Startaufstellung - Auf der Hauptstraße von Zusmarshausen ist die Elite bereit für das Rennen
Foto: RV Phoenix/Gregor Kramny
Der Schwarzbräupreis in Zusmarshausen bildet für Bayerns Rad-Amateure traditionell den Auftakt in die Rennsaison. Zum 50. Mal gingen Rennfahrer auf die Strecke – dabei stand das Rennen 2024 fast vor dem Aus.

50. Schwarzbräupreis

Das Radrennen rund um Zusmarshausen gibt es seit 1974. Die kleine Gemeinde mit 6.600 Einwohnern liegt im schwäbischen Landkreis Augsburg. Die Strecke des Rundstreckenrennens ist 27 Kilometer lang und wird viermal (KT/Elite-Amateure) bzw. dreimal (alle anderen) gefahren. Für Bayerns Lizenzsportler ist es die traditionelle Saisoneröffnung. Zum vierten Mal hat der Veranstalter RV Phoenix Augsburg auch ein Jedermann-Rennen angeboten. Die Startgelder für Lizenzsportler lagen 2024 bei 10 Euro (Junioren) bzw. 21 Euro und für das Jedermann-Rennen bei 50 Euro.

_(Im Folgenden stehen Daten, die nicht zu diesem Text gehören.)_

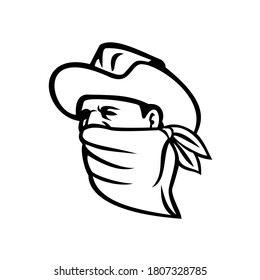 Cowboy Bandit or Outlaw Wearing Face Mask Looking Side Mascot Black and White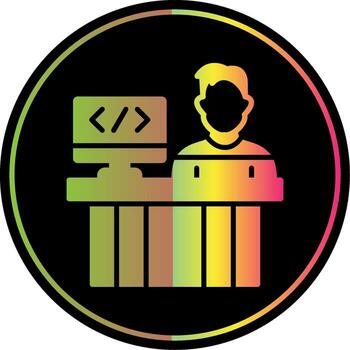 programador glifo debido color icono diseño vector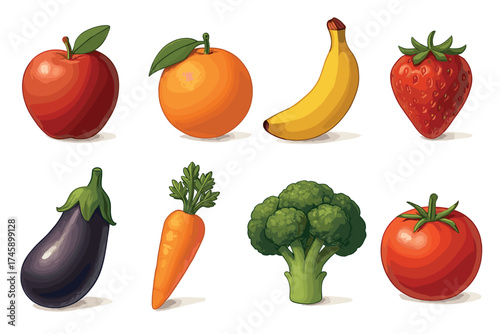 Fruits and vegetables realistic vector illustration set. Hand drawn collection of apple, orange, carrot, and tomato.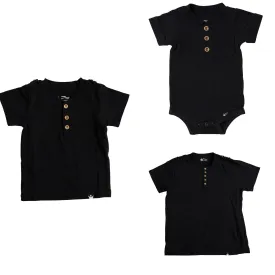Littlest Prince Black Military Shoulder Shirt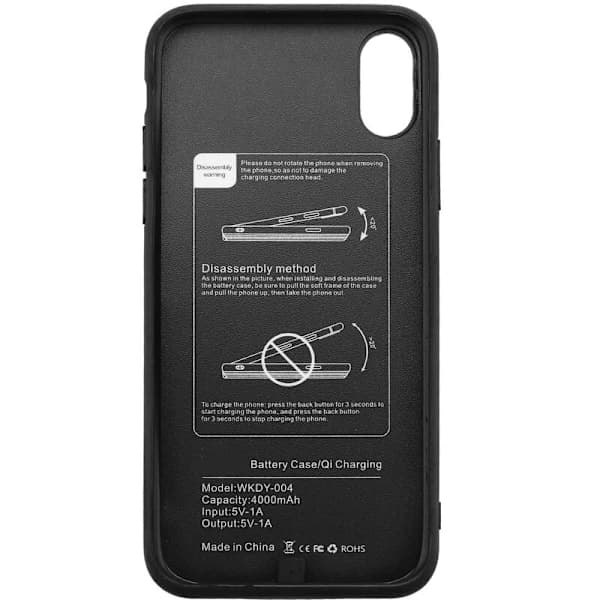 4000mAh Bærbar Batteriladerdeksel for iPhone X Batterideksel for iPhone X, A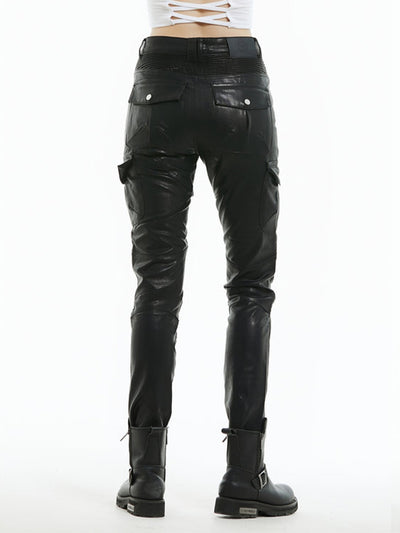 Leather Motorcycle Riding Pants Multi Pocket Workwear Waterproof Drop Leather Pants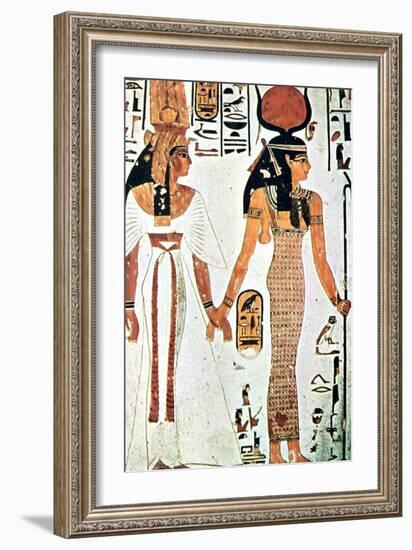 Nefertari and Isis, Ancient Egyptian Wall Painting from a Theban Tomb, 13th Century Bc-null-Framed Giclee Print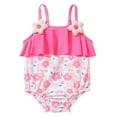 thumbnail image 1 of Gubotare Girls Swimsuits Kids Girls Keyhole Racer Back Swimsuit Bathing Suit Quick Dry Swimwear Size 6-12 Months (Pink,6-12 Months), 1 of 4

Startvorbereitung - Warmfahren auf der Rolle vor dem WettkampfFoto: Kristian BauerStartvorbereitung - Warmfahren auf der Rolle vor dem Wettkampf

Die Sicherheitsnadel ist das Sinnbild für Radsporttradition. Vier Stück bekommt man in der Sporthalle in Zusmarshausen ausgehändigt. Das ist heute nicht anders als am 31. März 1974, als der Schwarzbräupreis Premiere feierte. Die wichtigste Aufgabe für die Teilnehmer vor dem Rennen ist seither unverändert: Die Startnummer möglichst gerade am Trikot befestigen. Thomas Dobner von der Rad-Union Wangen lässt sich die Nummer vor der Turnhalle von einem Teamkollegen ans Trikot pinnen. Seit 18 Jahren fährt der 33-Jährige Lizenzrennen und zum 15. Mal steht er beim Schwarzbräupreis am Start. „Zus“, wie das Rennen oft abgekürzt wird, ist seit Jahren ein Pflichttermin für seinen Radverein: Elf Fahrer sind aus dem Allgäu angereist. Das Rennen hat sich in den vergangenen Jahren kaum verändert, aber die Rennradwelt. Sie ist deutlich bunter geworden und der Lizenzradsport kämpft um seinen Platz. Larissa Stupnicki steht im Renn-Einteiler des 2024 gegründeten CS Bikes Roadteam aus Moosach am Start. Die 32-Jährige hat schon viele Radmarathons absolviert und 2024 erstmals eine Rennlizenz beantragt. Die lange Tradition von Zusmarshausen kennt sie nicht, sie weiß nur, dass es hier „eine schöne Strecke und gute Stimmung“ gibt. Damit rechnet auch der 42 Jahre alte Stefan Zach aus Heretsried. Er befestigt seine Startnummer an einer warmen, winddichten Radjacke und startet im Jedermannrennen. Umgeben ist er von Bekannten des Rennradtreffs Augsburg – insgesamt 27 Männer und eine Frau schickt die Gruppe auf die Strecke, die sie von gemeinsamen Ausfahrten kennen.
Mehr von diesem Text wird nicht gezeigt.